Gedeputeerde Hooijmaijers van ruimtelijke ordening gaat ervan uit dat er op het KNSF-terrein 1350 woningen gebouwd worden. Dat antwoordt Hooijmaijers op schriftelijke vragen van GroenLinks-statenlid Klaas Breunissen. Die 1350 woningen zijn volgens de gedeputeerde onderdeel van het akkoord dat begin dit jaar is gesloten tussen KNSF en gemeente Muiden. Hij acht het niet uitgesloten dat de resultaten van het MER-onderzoek noopt tot een heroverweging hiervan.
Klaas Breunissen is ontevreden over dit uitgangspunt van de gedeputeerde. Hij vindt dat niet bij voorbaat moet worden uitgegaan van een bepaaalde verdeling van de woningen over het KNSF-terrein en de Bloemendalerpolder, voordat het Milieueffectrapport (MER) is vastgesteld. Breunissen stelt deze kwestie aan de orde in de eerstvolgende vergadering van de statencommissie ruimtelijke ordening.
Hieronder volgen de schriftelijke vragen van Breunissen en de antwoorden van Gedeputeerde Staten:
Inleiding
Op dit moment wordt het milieueffectrapport voor de streekplanuitwerking Bloemendalerpolder/KNSF-terrein gemaakt.
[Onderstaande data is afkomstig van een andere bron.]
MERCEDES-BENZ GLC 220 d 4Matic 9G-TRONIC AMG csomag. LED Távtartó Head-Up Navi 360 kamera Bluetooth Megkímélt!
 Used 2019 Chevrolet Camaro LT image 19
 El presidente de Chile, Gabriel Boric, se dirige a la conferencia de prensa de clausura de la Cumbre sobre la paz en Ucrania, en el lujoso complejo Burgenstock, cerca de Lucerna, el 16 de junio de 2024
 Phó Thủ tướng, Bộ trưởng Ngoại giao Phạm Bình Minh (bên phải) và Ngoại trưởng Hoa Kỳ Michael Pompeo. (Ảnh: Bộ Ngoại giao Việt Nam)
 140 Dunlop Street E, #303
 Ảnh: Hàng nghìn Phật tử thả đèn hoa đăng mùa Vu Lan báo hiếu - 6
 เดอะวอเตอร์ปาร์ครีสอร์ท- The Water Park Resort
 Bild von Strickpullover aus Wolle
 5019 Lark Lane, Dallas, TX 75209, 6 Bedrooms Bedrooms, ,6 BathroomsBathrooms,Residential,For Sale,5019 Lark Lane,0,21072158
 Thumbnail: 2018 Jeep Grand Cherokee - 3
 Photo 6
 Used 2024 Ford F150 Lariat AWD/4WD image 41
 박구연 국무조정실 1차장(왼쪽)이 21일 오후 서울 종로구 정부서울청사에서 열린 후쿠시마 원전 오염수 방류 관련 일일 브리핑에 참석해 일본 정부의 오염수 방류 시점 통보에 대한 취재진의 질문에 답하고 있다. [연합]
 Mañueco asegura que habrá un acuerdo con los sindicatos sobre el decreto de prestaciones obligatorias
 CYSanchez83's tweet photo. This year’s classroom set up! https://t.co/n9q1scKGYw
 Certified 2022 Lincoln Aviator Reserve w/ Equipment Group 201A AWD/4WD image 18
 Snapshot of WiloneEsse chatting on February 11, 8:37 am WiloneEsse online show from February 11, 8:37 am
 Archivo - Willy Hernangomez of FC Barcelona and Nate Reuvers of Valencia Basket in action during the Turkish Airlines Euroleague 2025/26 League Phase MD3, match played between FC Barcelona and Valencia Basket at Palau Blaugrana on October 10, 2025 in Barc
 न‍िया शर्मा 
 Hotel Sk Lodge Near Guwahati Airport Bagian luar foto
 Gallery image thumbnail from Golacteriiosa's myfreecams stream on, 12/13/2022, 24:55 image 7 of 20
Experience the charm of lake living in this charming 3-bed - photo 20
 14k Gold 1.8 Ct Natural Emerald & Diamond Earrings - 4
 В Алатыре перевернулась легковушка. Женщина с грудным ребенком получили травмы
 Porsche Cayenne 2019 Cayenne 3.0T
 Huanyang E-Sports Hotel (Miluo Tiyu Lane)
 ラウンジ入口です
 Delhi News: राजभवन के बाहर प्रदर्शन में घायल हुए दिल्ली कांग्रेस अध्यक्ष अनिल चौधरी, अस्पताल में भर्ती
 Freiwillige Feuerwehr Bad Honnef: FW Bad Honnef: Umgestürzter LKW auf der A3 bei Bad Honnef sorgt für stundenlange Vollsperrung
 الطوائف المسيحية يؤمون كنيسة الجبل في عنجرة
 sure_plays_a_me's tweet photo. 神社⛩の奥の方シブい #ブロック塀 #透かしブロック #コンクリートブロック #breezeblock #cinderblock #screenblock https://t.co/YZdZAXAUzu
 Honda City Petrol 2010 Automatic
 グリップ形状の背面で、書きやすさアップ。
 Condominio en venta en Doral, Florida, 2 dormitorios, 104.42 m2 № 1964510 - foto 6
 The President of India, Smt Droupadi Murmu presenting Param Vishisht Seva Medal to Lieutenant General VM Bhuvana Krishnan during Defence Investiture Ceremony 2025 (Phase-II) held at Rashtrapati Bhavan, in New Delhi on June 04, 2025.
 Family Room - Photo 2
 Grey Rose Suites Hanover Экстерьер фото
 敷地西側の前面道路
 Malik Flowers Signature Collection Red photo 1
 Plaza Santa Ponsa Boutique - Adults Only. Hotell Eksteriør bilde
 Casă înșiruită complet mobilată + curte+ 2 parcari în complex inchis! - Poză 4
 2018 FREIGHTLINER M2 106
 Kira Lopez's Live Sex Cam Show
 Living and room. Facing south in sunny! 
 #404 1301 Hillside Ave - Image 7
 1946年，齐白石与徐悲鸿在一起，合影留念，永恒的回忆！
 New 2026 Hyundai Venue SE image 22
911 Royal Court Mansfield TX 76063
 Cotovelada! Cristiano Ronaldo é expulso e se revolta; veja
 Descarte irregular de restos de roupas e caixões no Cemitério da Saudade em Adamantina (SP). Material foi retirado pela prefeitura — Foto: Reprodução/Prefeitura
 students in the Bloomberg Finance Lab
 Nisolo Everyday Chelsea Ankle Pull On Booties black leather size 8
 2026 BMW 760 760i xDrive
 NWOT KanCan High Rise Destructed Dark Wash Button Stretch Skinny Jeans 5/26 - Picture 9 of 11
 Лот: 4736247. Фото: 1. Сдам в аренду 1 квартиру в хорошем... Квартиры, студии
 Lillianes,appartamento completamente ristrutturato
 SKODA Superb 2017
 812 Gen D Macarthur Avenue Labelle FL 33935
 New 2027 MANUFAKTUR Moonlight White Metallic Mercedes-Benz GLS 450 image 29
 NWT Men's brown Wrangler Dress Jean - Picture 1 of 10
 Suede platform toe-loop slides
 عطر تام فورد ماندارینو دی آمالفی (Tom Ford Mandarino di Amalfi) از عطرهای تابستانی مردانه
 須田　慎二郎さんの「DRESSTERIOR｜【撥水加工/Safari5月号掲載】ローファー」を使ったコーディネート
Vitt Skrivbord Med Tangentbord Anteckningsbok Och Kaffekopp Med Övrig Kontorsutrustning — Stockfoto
In het MER zullen in ieder geval drie varianten worden onderzocht, die onder meer met elkaar verschillen als het gaat om de verdeling van de woningbouwaantallen tussen het KNSF-terrein en de Bloemendalerpolder, te weten:
- 1700 op KNSF-terrein en 1700-1900 in Bloemendalerpolder;
- 1350 op KNSF-terrein en 2050-2250 in Bloemendalerpolder;
- 400 op KNSF-terrein en 3000/3200 in Bloemendalerpolder.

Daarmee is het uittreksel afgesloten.